Okuduğum en ilginç kitaplardan biri diyebilirim. Ana fikrinde diyor ki biz aslında biz değiliz. Kararlarımız ve seçimlerimizin pek çoğu beynimizin bizim kontrolümüz dışında yürüttüğü bilinç dışı süreçlerin bir sonucu.
Eagleman, ilk bölümde algılarımızın bizi nasıl yanılttığını anlatıyor. Hani "gözümle görmeden inanmam" deriz ya, bu bölümü okuduktan sonra, gözümle gördüğüme inanmakla ne büyük hata yaptığımı anladım. Tabiri caizse görmüyoruz, uyduruyoruz, ama gördüğümüzü sanıyoruz.

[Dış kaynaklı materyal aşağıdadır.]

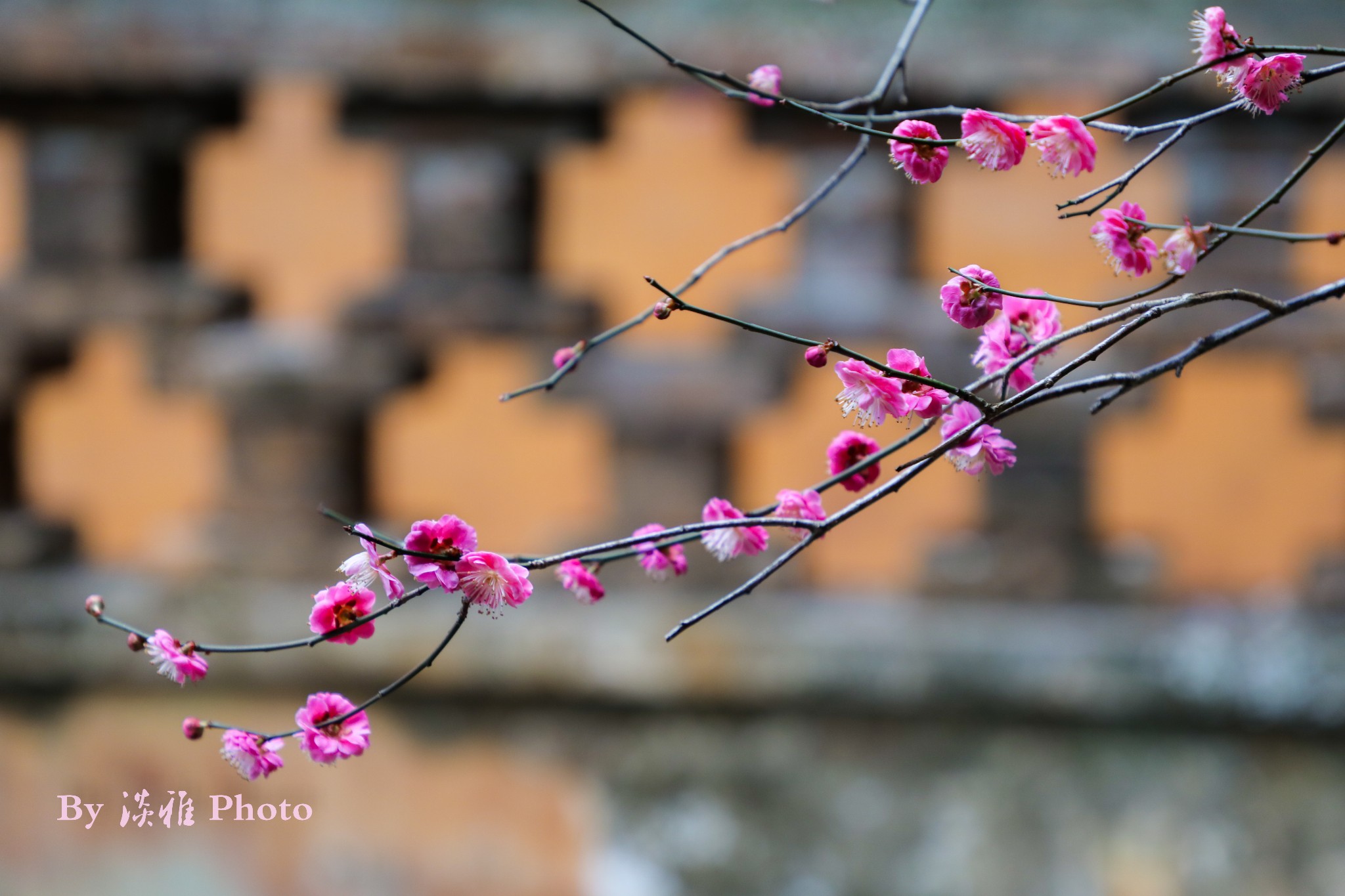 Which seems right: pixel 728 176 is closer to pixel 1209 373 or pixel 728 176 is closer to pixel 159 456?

Bir sonraki bölümde ise yıllardır savunduğum ve kendi icadım olduğunu sandığım bir fikrin bilimsel temelleri olduğunu görüyoruz. Benim teorim şu: bir şeye yeteri kadar maruz kalırsan onu seversin. Bu durumun bilimsel adı ise salt maruz kalma etkisiymiş. Özetle şöyle açıklanıyor: "bir yüzün resmini daha önce görmüşseniz, resmi daha sonra yeniden gördüğünüzde o kişi size daha çekici gelecektir; o kişiyi daha önce gördüğünüzü hatırlamasanız bile." Sırf havalı laflardan ibaret değil, adamlar deney falan yapmışlar. Reklamlar falan hep bundan işte.
Sonraki bölümde ise yazarımız eylemlerimizin nasıl bizim irademiz dışında gerçekleştiğini uzuuuuun uzuuuun anlatmış. Şimdi ben anlatmayayım, telif hakları açısından falan saygısızlık olabilir. Alın kitabı okuyun. Pişman olmayacaksınız.

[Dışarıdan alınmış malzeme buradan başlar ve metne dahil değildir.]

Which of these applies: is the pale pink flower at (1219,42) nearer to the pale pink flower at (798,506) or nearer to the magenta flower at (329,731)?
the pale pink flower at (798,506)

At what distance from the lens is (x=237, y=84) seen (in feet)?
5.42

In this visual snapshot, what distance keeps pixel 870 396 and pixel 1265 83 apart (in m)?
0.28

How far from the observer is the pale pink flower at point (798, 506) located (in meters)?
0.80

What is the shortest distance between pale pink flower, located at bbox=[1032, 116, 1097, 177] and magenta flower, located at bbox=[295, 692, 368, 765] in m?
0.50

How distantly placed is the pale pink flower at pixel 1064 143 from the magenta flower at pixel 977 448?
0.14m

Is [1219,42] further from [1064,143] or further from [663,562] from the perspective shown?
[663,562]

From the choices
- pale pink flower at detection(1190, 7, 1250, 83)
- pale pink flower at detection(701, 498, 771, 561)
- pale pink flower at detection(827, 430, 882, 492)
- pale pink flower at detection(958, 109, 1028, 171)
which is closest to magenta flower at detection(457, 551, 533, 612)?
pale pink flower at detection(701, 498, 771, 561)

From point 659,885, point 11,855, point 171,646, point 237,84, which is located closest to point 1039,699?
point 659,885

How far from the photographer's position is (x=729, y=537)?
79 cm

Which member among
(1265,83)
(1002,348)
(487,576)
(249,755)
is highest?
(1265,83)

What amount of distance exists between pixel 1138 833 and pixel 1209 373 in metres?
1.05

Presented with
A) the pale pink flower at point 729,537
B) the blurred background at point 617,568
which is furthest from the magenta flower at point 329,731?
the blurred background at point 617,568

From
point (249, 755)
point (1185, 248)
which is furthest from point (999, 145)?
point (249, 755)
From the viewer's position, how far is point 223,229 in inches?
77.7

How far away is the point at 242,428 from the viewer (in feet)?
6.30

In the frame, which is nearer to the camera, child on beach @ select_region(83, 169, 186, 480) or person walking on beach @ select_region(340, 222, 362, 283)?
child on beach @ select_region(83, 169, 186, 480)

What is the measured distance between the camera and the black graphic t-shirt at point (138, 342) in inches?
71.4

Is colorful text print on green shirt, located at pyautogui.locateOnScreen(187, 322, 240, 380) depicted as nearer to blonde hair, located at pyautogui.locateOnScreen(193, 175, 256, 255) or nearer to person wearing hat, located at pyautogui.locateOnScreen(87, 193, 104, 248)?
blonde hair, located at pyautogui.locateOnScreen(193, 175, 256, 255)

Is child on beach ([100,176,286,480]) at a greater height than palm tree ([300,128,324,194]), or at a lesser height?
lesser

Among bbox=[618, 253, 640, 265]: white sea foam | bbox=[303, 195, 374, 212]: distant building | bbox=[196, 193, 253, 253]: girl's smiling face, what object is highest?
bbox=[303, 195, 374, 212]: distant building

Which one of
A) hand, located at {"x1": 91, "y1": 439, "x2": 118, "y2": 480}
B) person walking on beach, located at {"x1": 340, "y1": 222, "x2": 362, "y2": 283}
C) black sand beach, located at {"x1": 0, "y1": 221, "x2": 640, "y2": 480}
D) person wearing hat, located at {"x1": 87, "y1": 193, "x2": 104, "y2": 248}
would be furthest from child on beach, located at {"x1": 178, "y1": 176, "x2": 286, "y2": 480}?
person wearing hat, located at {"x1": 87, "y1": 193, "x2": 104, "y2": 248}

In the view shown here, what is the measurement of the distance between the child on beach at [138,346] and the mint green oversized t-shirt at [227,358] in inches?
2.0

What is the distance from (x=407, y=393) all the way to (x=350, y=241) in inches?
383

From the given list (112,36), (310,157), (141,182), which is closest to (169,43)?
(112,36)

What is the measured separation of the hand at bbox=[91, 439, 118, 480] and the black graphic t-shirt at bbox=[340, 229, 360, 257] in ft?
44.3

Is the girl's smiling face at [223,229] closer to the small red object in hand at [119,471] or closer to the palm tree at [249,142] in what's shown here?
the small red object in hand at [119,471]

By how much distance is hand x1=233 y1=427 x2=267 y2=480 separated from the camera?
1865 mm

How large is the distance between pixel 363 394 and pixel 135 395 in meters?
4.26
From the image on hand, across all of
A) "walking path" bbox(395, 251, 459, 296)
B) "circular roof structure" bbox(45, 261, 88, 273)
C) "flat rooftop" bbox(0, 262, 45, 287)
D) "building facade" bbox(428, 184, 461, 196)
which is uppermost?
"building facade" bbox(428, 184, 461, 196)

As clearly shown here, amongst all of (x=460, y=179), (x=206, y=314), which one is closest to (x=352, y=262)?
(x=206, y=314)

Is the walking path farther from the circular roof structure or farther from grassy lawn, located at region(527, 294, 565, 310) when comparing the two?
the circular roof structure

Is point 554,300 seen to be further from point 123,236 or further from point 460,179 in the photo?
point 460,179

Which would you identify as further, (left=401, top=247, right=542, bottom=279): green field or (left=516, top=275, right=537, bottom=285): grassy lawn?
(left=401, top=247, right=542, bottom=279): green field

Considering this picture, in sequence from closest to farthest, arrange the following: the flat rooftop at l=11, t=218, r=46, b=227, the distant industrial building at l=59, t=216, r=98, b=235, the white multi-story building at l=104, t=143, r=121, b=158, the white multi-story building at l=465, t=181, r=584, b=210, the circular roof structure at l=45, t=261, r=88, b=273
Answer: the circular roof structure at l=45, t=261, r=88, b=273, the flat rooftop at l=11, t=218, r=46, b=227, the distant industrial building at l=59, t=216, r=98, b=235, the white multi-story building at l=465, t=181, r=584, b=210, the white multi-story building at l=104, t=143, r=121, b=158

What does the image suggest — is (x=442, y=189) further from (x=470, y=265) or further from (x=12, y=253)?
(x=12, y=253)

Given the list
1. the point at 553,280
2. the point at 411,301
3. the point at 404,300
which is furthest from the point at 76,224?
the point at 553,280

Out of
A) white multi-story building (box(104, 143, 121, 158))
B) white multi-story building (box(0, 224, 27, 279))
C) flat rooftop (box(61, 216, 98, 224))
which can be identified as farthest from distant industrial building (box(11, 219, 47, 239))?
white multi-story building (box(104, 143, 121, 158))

Ama kitabın beni asıl etkileyen kısmı sorumlu tutulabilirlik konusunun tartışıldığı bölüm oldu. Hukuk sisteminin "sorumlu tutulabilirlik" üzerine kurulu olduğunu söyleyen Eagleman, cezanın kişinin işlenen suçtan ne ölçüde sorumlu olduğuna bağlanmasını tartışmaya açıyor. Kitaptan alıntı yapıyorum: "Sorumlu tutulabilirlik insan hayatının gidişatını belirleyen akıl almaz karmaşıklıktaki genetik-çevre ağının liflerinin tek tek çözülmesini gerektiren, geriye bakışlı bir kavramdır...Sorumlu tutulabilirliğin yerini alması gereken sözcük ve kavram değiştirebilirlik olmalıdır."
Yani diyor ki, eylemlerimizden sorumlu olup olmadığımızı tam olarak bilmemiz mümkün olamaz. Bu nedenle rehabilitasyon mümkün mü buna odaklanalım, değilse suçluyu etkisiz hale getirmek üzere cezaevine kapatalım.
Adalet duygusunu zedeleyici bir öneri ama üstünde düşünmeden edemiyor insan. Kitabı okuduğunuzda ne demek istediğimi daha iyi anlayacaksınız.
Bu kitaptan öğrendiğim ciddi şeylerin dışında kültür mantarı kariyerime katkı sağlayacak bilgiler de edindim. Mesela tavuk seksörlüğü diye bir meslek olduğunu öğrendim. Civcvilerin popsuna bakarak cinsiyet belirleme işiymiş.
Ondan sonracığıma, kendi kendime sık sık yaptığım bir şeyin adını öğrendim. Ben sürekli kendimle anlaşmalar yaparım: "X işini hakkıyla tamamlarsan, kendine bir hediye alabilirsin; şu işi beceremezsen bir hafta boyunca şunu yemeyeceksin; sevdiğin diziyi izlemek için 40 sayfa kitap okuman lazım" tarzında. İşte insanın özgürce aldığı ve gelecekte kendini bağlayan kararlara felsefeciler tarafından Odysseus anlaşması denirmiş.
Salt maruz kalma etkisinden bahsetmiştim ama bir de kurbağa meselesi var. Yazar diyor ki insanlar insanlara, kurbağalar da kurbağalara çekici gelir. Ben de tümden-geliyorum ve diyorum ki: ben insanım, insanlar insanları çekici bulur, eğer biri beni çekici bulmuyorsa kurbağadır.